## WHAT YOU SHOULD DO
Could you print every line from the first one of the records below through the line containing "2013 BMW 335 I VIN:WBA3A9C58DF476664 - 13", with both included and nothing else?

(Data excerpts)
□ □ □
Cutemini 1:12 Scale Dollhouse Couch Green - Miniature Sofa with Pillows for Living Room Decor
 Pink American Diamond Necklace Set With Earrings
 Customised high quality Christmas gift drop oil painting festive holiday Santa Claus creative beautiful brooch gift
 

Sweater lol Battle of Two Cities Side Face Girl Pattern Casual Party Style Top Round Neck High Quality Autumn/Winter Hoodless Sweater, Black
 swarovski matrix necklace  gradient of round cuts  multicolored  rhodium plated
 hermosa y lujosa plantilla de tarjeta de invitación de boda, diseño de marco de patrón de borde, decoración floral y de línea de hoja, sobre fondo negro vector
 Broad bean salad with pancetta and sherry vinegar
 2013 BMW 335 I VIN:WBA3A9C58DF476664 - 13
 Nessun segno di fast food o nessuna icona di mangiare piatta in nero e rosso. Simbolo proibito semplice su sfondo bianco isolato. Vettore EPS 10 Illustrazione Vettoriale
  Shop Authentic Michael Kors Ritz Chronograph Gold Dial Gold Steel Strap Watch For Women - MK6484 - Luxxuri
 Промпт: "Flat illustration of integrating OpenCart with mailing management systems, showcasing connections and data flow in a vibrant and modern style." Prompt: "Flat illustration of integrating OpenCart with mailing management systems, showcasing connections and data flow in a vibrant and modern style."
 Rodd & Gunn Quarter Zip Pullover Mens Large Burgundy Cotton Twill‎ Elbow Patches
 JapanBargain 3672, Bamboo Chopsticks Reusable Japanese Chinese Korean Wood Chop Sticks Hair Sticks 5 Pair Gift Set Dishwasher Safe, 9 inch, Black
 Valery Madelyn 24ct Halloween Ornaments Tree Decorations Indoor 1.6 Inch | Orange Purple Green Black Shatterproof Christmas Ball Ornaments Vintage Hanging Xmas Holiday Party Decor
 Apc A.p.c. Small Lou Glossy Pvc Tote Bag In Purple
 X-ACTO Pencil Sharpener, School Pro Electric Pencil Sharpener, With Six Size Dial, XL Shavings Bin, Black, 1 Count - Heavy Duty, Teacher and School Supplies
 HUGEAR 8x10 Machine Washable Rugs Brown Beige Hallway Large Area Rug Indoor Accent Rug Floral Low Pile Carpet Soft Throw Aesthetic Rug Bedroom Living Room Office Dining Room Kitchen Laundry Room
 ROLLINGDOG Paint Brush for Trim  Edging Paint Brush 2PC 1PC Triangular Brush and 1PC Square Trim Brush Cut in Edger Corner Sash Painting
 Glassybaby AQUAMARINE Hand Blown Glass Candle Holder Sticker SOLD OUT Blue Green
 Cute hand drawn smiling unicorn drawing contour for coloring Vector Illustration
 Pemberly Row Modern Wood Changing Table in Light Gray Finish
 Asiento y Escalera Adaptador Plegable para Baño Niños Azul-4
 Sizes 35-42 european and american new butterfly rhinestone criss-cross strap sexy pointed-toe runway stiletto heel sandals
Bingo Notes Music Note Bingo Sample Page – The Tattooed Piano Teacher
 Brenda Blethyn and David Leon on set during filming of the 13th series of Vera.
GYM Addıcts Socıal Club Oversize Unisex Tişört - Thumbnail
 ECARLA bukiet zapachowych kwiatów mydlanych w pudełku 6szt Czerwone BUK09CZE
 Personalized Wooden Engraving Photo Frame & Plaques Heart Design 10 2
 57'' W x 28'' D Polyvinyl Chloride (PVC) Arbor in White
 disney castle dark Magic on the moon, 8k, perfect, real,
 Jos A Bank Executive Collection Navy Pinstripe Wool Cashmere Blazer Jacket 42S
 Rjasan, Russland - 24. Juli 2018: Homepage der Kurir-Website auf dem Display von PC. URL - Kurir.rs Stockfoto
□ □ □
## WRITTEN RESPONSE
Cutemini 1:12 Scale Dollhouse Couch Green - Miniature Sofa with Pillows for Living Room Decor
 Pink American Diamond Necklace Set With Earrings
 Customised high quality Christmas gift drop oil painting festive holiday Santa Claus creative beautiful brooch gift
 

Sweater lol Battle of Two Cities Side Face Girl Pattern Casual Party Style Top Round Neck High Quality Autumn/Winter Hoodless Sweater, Black
 swarovski matrix necklace  gradient of round cuts  multicolored  rhodium plated
 hermosa y lujosa plantilla de tarjeta de invitación de boda, diseño de marco de patrón de borde, decoración floral y de línea de hoja, sobre fondo negro vector
 Broad bean salad with pancetta and sherry vinegar
 2013 BMW 335 I VIN:WBA3A9C58DF476664 - 13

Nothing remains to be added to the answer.